Updated

International organizations continued their exodus from Iraq, with the United Nations (search) announcing it was withdrawing staff from Baghdad following this week's string of car bombings in the capital and attacks against coalition troops.

The withdrawal orders came despite assurances by top U.S. administration officials, including President Bush, that the security situation in Iraq was steadily improving. It also followed a personal appeal by Secretary of State Colin Powell (search) to the international Red Cross (search) to remain in Baghdad because "if they are driven out, then the terrorists win."

The U.N. decision to pull its remaining international staff out of Baghdad was announced on Wednesday, two days after a deadly car bombing at the Baghdad headquarters of the Red Cross.

"We have asked our staff in Baghdad to come out temporarily for consultations with a team from headquarters on the future of our operations, in particular security arrangements that we would need to take to operate in Iraq," U.N. spokeswoman Marie Okabe said.

She said it was not an "evacuation" and staff in the north would remain.

Okabe declined to give more details but about 60 U.N. staff members were believed to be in Iraq, including some 20 in Baghdad, after Secretary-General Kofi Annan ordered most others out in late September.

The United Nations scaled down its staff following the Aug. 19 truck bombing at its Baghdad headquarters that killed 23 people, including the top U.N. envoy to Iraq, Sergio Vieira de Mello, and a smaller blast near the U.N. offices last month.

Also Wednesday, the International Committee of the Red Cross and the humanitarian group Medecins Sans Frontieres, or Doctors Without Borders, said they too were pulling their workers out of Baghdad despite pleas from the U.S. administration to stay.

The Red Cross said it would remain in Iraq but would scale back the number of international staff — now numbering about 30 — and increase security for those who stay. The agency has 600 Iraqi employees.

U.S. military authorities in Iraq said Wednesday that American forces were now suffering an average of 33 attacks a day — up from about 12 daily attacks in July. A total of 117 American soldiers have been killed in combat since May 1 — when Bush declared an end to major fighting — or slightly more than the 114 soldiers who died in invasion that began March 20.

The violence continued with an apparent assassination attempt Wednesday night against an assistant of Iraq's most influential Shiite Muslim cleric, Grand Ayatollah Ali Hussein al-Sistani, spiritual leader of most of Iraq's Shiite majority.

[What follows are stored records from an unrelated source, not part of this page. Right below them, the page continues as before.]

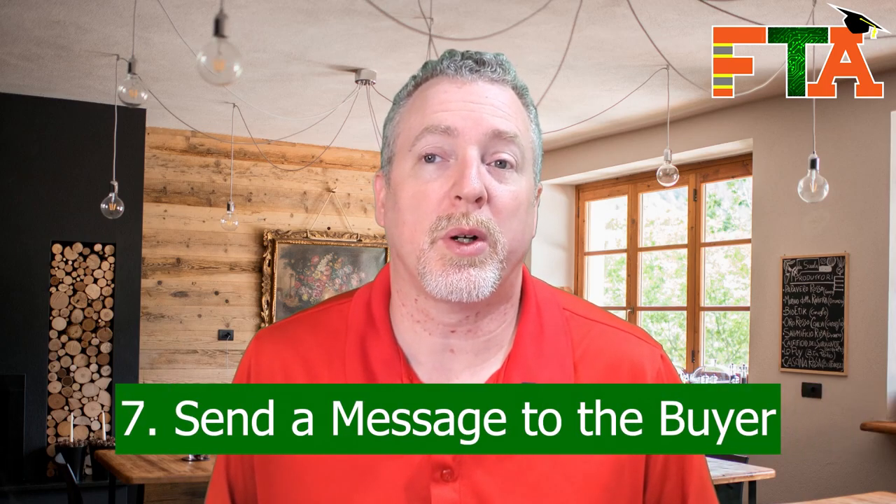Number seven: introduce yourself to the buyer when you request a job. The buyer is going to see on your profile that you've never completed a job on Field Nation, but that doesn't mean you don't have experience. Request that ticket and go into the messages section and send the buyer a message saying, hey, this is Bob Smith, I just requested this ticket. I am new to Field Nation but I have X number of years of experience. I read through your ticket, I understand it, it is well within my skill set, I'm a very professional person, and I would love to help you with this ticket. Let them know you will have all the tools and supplies listed to properly complete the job and that you'll do everything according to their instructions. They want to know that you're coachable and that you're going to follow their instructions — taking those extra steps are going to make you stand out.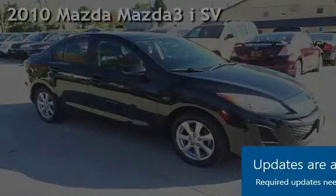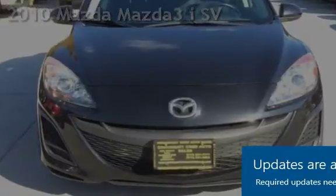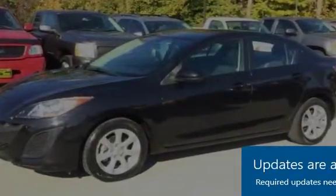Presenting a pre-owned 2010 Mazda Mazda3 i SV. This four-door sedan has a four-cylinder, 2.0-liter i4 engine, with front-wheel drive and a five-speed manual transmission.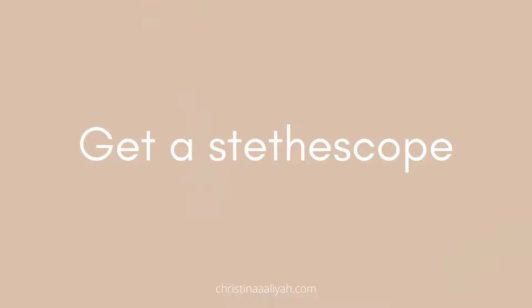In this video the tips are going to cover pretty much everything from academics to social life to exams to studying and a bit more. Starting off with the first one: get a stethoscope.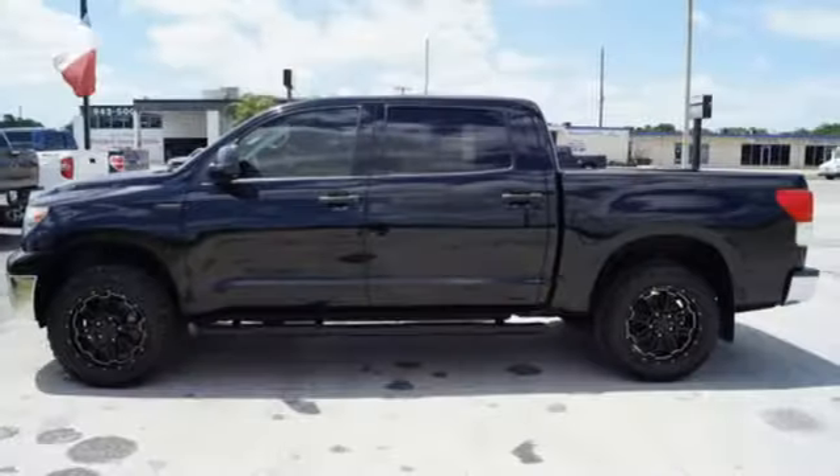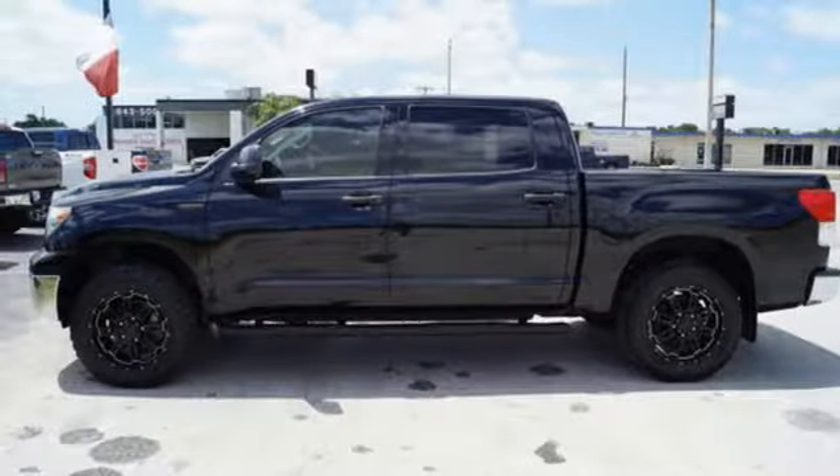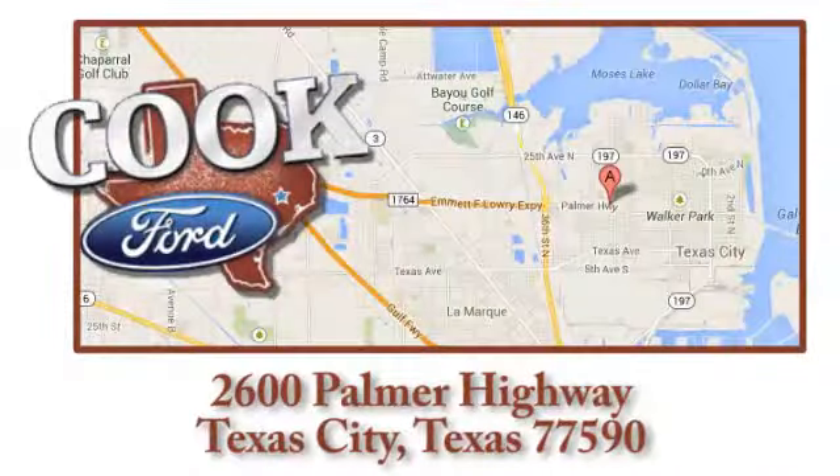Add this hard-working Tundra to your work crew today. Call, click, or stop in today. We are conveniently located at 2600 Palmer Highway in Texas City, Texas.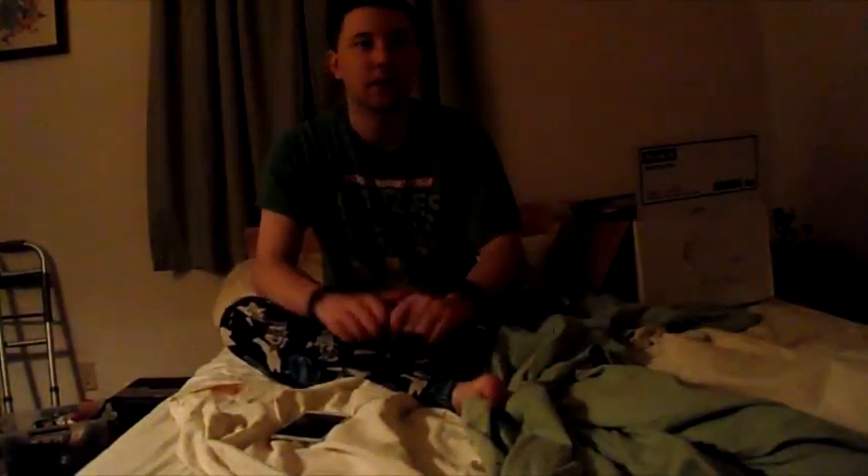Hey YouTube, it's me. I'm back. And as you can see, I'm not in my normal studio because I had a little water issue. I'll tell you about that more later, but this is a quick video.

Sistani's office in the city of Najaf said Thursday they had no details on the attack on the cleric in the nearby city of Karbala and would not give his name. The Baghdad newspaper al Zaman identified him as Abdel Mehdi al Karbali.

Meanwhile, a soldier from the 2nd brigade of the 101st Airborne Division was slightly injured early Thursday when a bomb exploded near a U.S. convoy in the northern city of Mosul, the military said.

In Tikrit, U.S. soldiers raided six houses after receiving "reliable intelligence" that the inhabitants were helping to establish a "new terrorist network in Tikrit and planning terrorist attacks against coalition forces," Lt. Col. Steve Russell told The Associated Press.

Four key suspects were detained, and 10 others were taken in for questioning, Russell said. Coalition troops discovered false identification cards and multiple fake license plates with "official government stickers" in one of the houses, he added.

"We continue to work against these cells, to disrupt, capture or kill them," he said.

The area around Tikrit, about 120 miles north of Baghdad, has been the scene of increased attacks that U.S. troops blame on die-hard supporters of ousted leader Saddam Hussein and members of his Fedayeen militia.

Baghdad police commander Maj. Gen. Hassan al-Obeid also announced measures to bolster security in the capital, including additional 24-hour checkpoints and special patrols around sensitive locations, according to coalition-run Iraqi television.

The Iraqi Governing Council, meanwhile, called on neighboring nations to crack down on infiltrators crossing into Iraq and provide Iraqi authorities with information about former regime figures who may be hiding on their soil.

The council "requests Iraq's brotherly neighboring countries to adopt a clear stand concerning those criminal acts that target Iraqi citizens and their civilian and security establishments, and their political and religious dignitaries," a statement said.

Separately, Mohammed al-Jibouri, head of the State Oil Marketing Organization, said bad weather has delayed Iraq's crude exports from its southern oil terminal for the past three days.

Iraq, which used to sell about 2 million barrels a day before the war, is now exporting around 1.2 million barrels a day from its offshore Basra oil terminal in the Gulf.

The country has so far failed to resume exports from its northern oil fields because of a series of explosions and fires in a pipeline linking the fields to the port of Ceyhan in Turkey.